Cytokines are instrumental in modulating immune checkpoints, including CTLA-4 on T cells, which attenuates T cell activation, and PD-1 on tumor cells, promoting immune suppression.72 Conversely, PD-1 expressed by tumor cells interferes with immune-suppressive pathways.83 Teng et al. introduced a classification of the TME into four types based on the presence of TILs and PD-L1 expression,84 aiding in predicting the tumor’s response to therapies targeting PD-1/PD-L1 pathways and serving as a valuable prognostic tool.
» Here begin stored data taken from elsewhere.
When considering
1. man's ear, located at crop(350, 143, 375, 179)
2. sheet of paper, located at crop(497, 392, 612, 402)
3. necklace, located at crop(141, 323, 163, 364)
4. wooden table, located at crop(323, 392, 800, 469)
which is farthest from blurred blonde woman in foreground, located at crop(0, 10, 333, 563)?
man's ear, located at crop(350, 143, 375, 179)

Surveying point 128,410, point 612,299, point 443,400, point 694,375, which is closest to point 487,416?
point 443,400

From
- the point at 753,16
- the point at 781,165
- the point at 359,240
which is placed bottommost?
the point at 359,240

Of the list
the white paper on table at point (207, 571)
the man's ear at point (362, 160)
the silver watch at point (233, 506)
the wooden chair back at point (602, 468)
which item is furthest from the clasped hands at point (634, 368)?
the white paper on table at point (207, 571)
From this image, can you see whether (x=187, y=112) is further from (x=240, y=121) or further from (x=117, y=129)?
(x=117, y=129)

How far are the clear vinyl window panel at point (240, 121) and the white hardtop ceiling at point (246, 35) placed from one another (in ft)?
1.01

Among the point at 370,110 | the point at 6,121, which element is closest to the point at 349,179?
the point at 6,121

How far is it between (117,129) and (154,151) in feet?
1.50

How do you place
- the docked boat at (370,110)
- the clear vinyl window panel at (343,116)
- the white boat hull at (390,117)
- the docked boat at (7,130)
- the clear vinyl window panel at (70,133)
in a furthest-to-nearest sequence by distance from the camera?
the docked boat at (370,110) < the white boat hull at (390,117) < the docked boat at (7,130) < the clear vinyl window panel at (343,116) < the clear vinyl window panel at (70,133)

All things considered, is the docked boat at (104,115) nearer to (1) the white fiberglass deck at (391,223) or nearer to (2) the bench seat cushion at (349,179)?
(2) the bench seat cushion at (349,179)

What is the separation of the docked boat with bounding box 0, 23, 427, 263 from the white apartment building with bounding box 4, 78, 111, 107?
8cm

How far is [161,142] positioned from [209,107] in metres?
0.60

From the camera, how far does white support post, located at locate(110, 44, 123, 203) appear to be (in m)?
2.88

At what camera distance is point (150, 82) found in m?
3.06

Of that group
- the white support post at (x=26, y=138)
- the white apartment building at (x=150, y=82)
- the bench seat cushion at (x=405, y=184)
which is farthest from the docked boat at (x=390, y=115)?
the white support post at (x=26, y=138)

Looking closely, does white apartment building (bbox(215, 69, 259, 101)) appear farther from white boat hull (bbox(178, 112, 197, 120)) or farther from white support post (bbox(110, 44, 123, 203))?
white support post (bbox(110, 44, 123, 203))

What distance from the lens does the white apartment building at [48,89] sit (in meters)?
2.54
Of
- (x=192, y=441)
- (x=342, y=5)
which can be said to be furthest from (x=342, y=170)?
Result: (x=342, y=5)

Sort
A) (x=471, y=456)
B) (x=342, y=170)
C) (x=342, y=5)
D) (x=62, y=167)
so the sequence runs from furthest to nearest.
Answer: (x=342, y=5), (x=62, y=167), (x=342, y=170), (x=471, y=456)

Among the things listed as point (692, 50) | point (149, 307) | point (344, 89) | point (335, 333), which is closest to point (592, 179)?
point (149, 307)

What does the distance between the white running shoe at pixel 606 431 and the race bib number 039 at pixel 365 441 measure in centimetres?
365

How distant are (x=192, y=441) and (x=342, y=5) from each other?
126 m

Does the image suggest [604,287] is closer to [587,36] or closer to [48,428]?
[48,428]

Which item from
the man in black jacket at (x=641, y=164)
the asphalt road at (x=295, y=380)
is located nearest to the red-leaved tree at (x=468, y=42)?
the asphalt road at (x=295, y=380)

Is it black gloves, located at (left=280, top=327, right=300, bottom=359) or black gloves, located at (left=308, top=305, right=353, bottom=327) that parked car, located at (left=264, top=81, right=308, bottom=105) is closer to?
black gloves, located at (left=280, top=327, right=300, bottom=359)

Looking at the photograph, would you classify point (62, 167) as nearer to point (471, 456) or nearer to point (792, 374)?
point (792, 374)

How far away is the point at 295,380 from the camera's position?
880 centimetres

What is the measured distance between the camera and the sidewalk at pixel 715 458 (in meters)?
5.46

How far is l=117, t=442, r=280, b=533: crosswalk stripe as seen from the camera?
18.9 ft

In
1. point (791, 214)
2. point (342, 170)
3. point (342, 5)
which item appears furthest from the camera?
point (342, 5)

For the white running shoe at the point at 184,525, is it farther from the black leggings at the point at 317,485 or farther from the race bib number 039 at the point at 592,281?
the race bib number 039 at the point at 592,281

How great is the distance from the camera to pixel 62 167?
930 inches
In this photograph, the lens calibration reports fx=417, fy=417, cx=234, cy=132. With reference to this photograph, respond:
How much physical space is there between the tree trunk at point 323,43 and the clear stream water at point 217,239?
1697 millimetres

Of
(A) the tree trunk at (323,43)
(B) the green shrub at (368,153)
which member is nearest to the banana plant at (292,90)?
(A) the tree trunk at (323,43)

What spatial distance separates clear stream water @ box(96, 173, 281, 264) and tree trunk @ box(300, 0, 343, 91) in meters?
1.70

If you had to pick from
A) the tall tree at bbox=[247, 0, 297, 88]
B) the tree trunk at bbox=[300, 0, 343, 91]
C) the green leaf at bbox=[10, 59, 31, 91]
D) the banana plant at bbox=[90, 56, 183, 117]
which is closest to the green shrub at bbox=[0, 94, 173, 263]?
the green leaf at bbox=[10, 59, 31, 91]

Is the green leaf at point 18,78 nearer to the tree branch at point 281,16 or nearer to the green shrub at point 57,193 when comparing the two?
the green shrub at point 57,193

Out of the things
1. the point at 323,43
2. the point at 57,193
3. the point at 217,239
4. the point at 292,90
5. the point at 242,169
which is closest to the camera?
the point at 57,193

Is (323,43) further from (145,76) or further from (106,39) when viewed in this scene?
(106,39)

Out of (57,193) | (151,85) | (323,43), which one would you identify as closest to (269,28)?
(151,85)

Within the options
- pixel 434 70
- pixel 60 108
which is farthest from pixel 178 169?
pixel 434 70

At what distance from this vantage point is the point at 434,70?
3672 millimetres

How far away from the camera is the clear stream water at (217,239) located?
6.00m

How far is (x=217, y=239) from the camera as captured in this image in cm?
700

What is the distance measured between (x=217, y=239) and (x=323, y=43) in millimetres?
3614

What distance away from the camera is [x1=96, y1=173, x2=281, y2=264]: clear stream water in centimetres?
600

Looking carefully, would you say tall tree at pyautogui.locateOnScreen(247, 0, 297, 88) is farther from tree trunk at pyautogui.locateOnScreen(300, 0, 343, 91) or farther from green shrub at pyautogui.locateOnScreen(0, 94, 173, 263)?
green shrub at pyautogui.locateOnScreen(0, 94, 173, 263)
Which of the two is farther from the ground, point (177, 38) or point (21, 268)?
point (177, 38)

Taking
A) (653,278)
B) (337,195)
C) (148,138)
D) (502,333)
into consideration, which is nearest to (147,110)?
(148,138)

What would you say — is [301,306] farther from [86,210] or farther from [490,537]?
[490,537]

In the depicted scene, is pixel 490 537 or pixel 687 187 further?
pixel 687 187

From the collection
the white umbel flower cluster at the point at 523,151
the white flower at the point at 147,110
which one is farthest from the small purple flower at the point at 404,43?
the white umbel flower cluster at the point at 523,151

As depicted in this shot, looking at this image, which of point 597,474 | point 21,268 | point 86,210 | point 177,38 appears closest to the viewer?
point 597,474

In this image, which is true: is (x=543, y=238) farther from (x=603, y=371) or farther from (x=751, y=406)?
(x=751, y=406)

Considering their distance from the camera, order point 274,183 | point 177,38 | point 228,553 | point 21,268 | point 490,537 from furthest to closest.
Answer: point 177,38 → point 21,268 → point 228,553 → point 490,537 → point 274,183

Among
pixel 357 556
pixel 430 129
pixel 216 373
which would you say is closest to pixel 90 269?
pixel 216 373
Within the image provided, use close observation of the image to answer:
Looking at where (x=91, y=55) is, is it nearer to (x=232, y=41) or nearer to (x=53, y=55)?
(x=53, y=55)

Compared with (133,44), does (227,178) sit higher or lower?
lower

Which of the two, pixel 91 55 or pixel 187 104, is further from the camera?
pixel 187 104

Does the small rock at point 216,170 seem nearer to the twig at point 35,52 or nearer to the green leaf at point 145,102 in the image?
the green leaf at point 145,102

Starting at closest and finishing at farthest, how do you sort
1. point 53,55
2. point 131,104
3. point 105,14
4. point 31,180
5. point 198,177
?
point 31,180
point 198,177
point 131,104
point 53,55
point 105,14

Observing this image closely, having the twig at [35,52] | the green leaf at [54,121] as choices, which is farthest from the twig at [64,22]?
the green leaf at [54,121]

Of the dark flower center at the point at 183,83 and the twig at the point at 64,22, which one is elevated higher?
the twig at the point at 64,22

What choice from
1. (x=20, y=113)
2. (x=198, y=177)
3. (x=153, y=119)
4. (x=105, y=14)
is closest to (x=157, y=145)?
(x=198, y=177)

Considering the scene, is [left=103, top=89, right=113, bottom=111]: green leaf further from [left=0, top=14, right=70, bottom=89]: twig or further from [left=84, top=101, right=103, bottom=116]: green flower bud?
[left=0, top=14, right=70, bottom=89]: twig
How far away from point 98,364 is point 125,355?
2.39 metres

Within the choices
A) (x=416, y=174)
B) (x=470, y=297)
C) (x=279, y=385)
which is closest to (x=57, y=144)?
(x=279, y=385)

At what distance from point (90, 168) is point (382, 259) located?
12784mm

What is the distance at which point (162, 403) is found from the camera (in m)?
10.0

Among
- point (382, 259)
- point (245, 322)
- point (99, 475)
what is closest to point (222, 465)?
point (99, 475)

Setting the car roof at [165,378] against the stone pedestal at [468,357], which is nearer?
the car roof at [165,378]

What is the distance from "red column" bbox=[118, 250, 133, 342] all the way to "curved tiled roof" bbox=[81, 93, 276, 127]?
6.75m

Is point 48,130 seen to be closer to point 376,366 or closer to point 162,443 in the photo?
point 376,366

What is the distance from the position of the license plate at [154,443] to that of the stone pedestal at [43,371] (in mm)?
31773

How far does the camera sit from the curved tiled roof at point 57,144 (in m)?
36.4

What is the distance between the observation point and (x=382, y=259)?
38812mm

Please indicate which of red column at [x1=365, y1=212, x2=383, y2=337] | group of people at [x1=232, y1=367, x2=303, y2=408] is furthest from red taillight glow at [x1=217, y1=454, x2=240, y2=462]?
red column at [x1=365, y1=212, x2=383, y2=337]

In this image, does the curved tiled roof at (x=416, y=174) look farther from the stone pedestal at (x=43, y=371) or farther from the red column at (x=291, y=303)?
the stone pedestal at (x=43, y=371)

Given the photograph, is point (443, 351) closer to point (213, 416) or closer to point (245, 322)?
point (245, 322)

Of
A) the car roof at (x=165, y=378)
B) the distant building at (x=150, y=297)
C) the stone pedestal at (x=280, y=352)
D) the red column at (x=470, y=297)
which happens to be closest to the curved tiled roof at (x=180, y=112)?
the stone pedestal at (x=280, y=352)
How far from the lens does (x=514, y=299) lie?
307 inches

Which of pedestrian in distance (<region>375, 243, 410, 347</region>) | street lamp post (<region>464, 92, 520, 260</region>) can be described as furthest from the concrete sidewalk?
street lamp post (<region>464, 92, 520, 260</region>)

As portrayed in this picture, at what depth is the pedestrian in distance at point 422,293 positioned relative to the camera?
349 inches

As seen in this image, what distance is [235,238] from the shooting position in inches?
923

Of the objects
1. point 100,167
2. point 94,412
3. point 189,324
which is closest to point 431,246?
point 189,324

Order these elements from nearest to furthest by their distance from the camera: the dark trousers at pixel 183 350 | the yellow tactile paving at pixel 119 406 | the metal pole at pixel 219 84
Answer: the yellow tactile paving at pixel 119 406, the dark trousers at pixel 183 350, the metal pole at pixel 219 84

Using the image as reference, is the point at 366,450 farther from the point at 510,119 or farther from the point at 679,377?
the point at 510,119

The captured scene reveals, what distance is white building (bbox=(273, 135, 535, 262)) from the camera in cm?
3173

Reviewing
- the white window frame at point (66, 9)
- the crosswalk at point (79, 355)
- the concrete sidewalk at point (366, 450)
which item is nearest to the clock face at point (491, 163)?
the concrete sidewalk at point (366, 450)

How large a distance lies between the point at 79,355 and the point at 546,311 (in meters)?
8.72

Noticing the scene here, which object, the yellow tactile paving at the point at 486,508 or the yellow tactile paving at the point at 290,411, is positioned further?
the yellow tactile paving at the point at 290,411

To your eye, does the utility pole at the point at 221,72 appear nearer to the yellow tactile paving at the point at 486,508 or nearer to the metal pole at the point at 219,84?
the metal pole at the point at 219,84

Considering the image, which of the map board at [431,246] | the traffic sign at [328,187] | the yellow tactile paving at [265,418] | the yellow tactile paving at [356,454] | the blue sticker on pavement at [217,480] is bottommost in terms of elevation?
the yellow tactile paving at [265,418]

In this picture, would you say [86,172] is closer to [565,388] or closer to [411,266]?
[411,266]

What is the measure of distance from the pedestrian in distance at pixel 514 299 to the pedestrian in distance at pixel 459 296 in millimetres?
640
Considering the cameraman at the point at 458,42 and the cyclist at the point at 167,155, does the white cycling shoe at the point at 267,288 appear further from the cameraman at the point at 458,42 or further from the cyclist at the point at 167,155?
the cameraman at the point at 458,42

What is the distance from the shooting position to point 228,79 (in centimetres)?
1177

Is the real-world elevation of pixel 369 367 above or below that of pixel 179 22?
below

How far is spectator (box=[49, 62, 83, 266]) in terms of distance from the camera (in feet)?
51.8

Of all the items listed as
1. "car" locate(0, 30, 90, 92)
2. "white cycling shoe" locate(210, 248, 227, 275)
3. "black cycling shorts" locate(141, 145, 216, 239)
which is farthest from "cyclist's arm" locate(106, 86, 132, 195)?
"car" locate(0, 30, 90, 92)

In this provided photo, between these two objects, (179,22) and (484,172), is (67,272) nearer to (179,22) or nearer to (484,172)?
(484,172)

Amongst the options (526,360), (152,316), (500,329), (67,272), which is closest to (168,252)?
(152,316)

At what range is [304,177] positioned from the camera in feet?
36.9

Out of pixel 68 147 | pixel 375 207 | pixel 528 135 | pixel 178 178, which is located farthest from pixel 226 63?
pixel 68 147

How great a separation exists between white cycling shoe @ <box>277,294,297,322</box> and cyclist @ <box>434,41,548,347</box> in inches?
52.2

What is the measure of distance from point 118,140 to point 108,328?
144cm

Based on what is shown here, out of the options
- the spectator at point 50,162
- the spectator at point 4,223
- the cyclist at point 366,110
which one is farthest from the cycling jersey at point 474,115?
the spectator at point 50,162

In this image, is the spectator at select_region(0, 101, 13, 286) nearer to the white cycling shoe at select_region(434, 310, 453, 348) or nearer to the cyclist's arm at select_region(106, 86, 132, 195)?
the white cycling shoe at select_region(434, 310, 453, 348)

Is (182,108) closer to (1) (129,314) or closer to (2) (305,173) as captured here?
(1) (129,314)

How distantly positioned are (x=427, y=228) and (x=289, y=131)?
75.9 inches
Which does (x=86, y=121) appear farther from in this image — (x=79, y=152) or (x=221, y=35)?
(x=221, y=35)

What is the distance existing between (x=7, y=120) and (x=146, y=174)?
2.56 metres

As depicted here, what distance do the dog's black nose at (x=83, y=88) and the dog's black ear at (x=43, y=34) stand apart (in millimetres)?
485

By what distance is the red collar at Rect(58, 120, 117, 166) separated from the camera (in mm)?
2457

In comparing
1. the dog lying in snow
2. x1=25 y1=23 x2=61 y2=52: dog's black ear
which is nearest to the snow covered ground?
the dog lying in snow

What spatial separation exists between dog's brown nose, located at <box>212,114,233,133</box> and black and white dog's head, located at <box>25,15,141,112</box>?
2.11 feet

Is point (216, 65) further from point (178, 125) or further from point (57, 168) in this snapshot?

The TME can both hinder and support the function of TILs. Factors such as local immunosuppression, the presence of Tregs, and the secretion of various cytokines and growth factors can dramatically alter the activity of TILs within tumors. Chemokines such as CXCL10 and CCL5 play a pivotal role in recruiting TILs to the tumor site, enhancing the infiltration of T cells and NK cells, thereby increasing tumor cell death.

Clinical values of TILs

TILs have fundamentally transformed the approach to clinical prognosis and immunotherapy for hematologic cancers. However, the diversity of solid tumors necessitates utilizing TILs with broad specificity. Recent advancements in understanding the TME, immune exhaustion, and immune checkpoints have paved the way for applying TIL clinical regimens.

Prognostic value

The composition and number of TILs are critical to tumor prognosis.

T cell population

A systematic review and meta-analysis focusing on laryngeal squamous cell carcinoma (LSCC) revealed that TILs, particularly stromal TILs, play a favorable prognostic role for overall survival (OS) and disease-free survival (DFS). High levels of CD8+ TILs were associated with prolonged OS and DFS, reinforcing the importance of TILs as biomarkers in cancer prognosis.85 Daniele Fanale et al. demonstrated the significant prognostic value of TILs in cancers like ovarian cancer.86 High densities of TILs, particularly CD8+ cytotoxic T cells, are often associated with better survival outcomes. This comprehensive analysis, encompassing 11 studies with 1,398 patients, confirmed the strong prognostic value of TILs for OS and DFS in LSCC. The findings highlight the significance of immune infiltrates in the TME of head and neck squamous cell carcinoma and suggest their potential as standardized and validated biomarkers in routine pathology reports.85 The identification and validation of biomarkers that can accurately predict patient response to immune checkpoint blockade therapies are crucial for developing personalized treatment strategies and potentially increasing the success rate of these therapies. The meta-analysis underscores the need to standardize TIL assessment in clinical pathology, especially for patients with LSCC. Assessing TILs using hematoxylin-eosin-stained tumor sections or immunohistochemistry could provide valuable insights into patient prognosis and guide treatment strategies.85

B cell population

While immunotherapy research typically focuses on T cells, mounting evidence shows that tumor-infiltrating B cells and plasma cells, collectively referred to as tumor-infiltrating B lymphocytes, play a crucial and synergistic role in tumor control. They have significant predictive and prognostic implications in many cancers, despite the conventional emphasis on T cells in immunotherapy. The presence of T cells and myeloid cells in the TME is a prerequisite for infiltrating B cells, whose dysfunction with CXCL13 activates the recruitment of B cells and plasma cells in the TLS.87 TIL-Bs promote anti-tumor immune responses through their unique antigen presentation mechanisms, contribute to the formation of immunologically active tumor microenvironments, and possess the potential to counter immune editing and address tumor heterogeneity. This offers hope for developing new treatment approaches and more effective immunotherapy options for cancer patients.

Therapeutic targeting

For solid tumors, TILs play critical roles in innate and adaptive antitumor immunity. Studies have shown that combination therapy can increase the infiltration of lymphocytes, including CD8+ T cells, into the TME compared to monotherapy with anti-PD-L1 or β-lap, highlighting the impact of therapeutic interventions on TILs.88,89 Traditional chemotherapy has evolved into more targeted approaches focusing on specific cells within the TME. Immune checkpoint blockade therapies, like those targeting CTLA-4 and PD-1, have shown significant clinical benefits but are effective in only a subset of patients.72 The identification of relevant biomarkers is crucial to determine patient responsiveness to these therapies.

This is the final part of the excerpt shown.